History was made at the CPC on Saturday when the party removed the definition of marriage as “between one man and one woman” from the Conservative Party Policy Declaration.
The group driving the change are called LGBTory, an organization of LGBT conservatives and allies.
A few days ago I met them at their pub gathering, next to the Vancouver Convention center. They go by the tagline the "Rainbow Conservatives," an apt slogan given the colourful individuals that form this group.

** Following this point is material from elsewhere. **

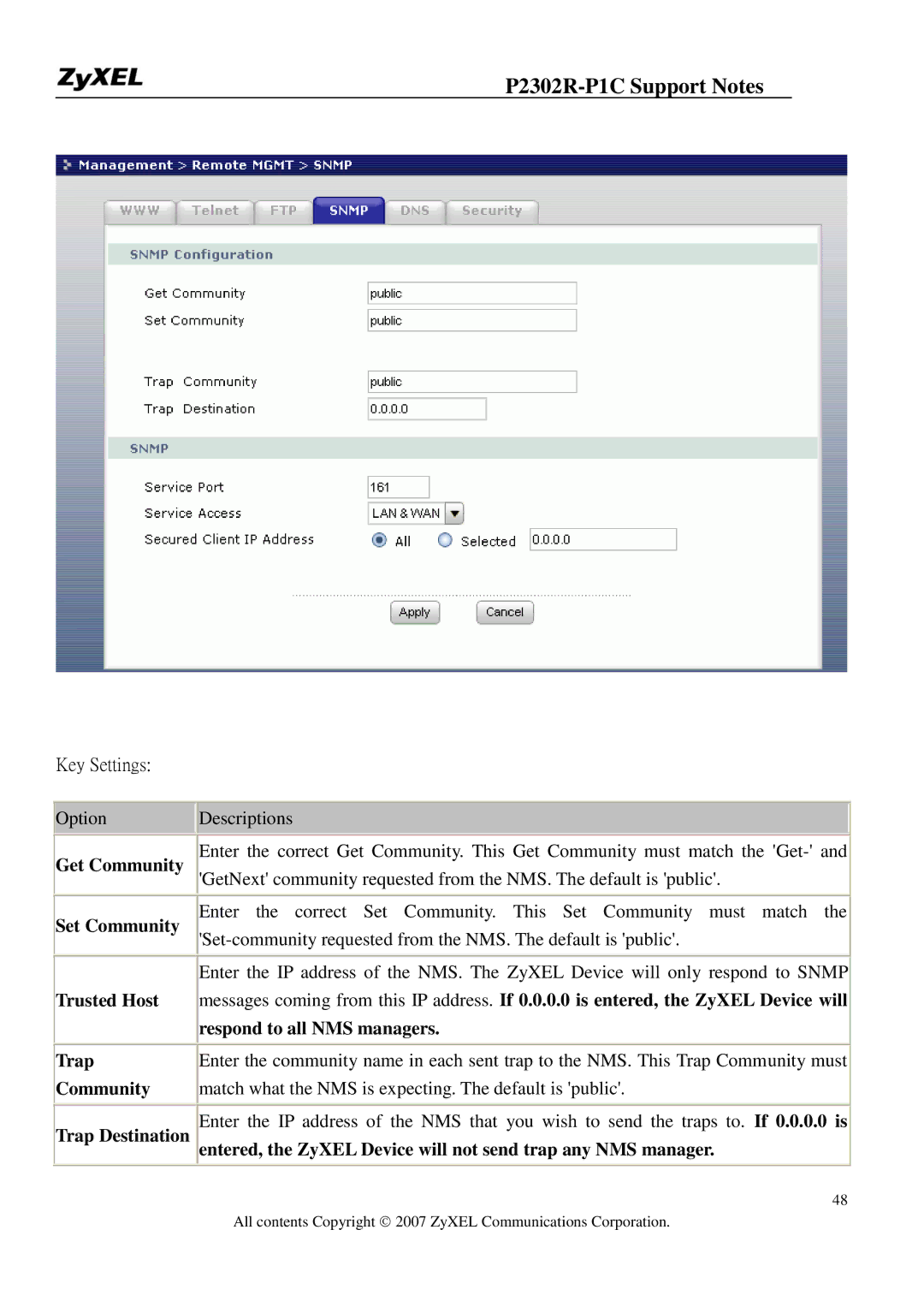 ZyXEL Communications P-2302R-P1C manual Option Descriptions, Get Community, Set Community Trusted Host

This spectrum of characters included the jovial giant Eric Lorenzen, VP Communications for the group, who told me:
"The thought of having to get a licence from the government to get married really sticks in my craw. However, we have the legal system that we have, and marriage isn't going away. Our position is that, since the government licences marriage, the CPC's official policy to deny marriage licences to same-sex couples infringes on the legal rights of same-sex couples."
He went on to say:
"More than that, our biggest concern is that the CPC's policy on marriage (they're the only party with ANY policy on marriage of any kind) repels centrist voters who would otherwise be our allies on issues like small government, individual rights, low taxes, etc. These voters are essential to winning elections."
I also spoke to the president of the group, business owner Doc Von Lichtenberg. With a Gandalf-like beard and enchanting deep voice, he was as interesting a man as his name suggests. He told me:
"We don't want to change the CPC's marriage policy; we want the CPC to have NO marriage policy whatsoever. We want the contentious articles in the Policy Declaration removed, not replaced with something else."
Not everyone at the gathering was gay. I also spoke to some of the straight allies Natalie Pon (Edmonton West Policy Chair) and Joseph Heap (President of Fort McMurray-Cold Lake), co-sponsors of the resolution.
“We want to remove having marriage defined in the CPC policy declaration. It currently states that the Party supports legislation defining marriage as between one man and one woman” said Natalie.
“We want to create a more inclusive party that supports personal freedoms.” said Joseph. “It's time to get rid of this part of our policy declaration and move on. All leadership contestants to date have been supportive and we don't see this becoming an issue again in the future."
LGBTory should be proud of what they have achieved today. And I’m sure I speak for everyone in the LGBT community in expressing our gratitude.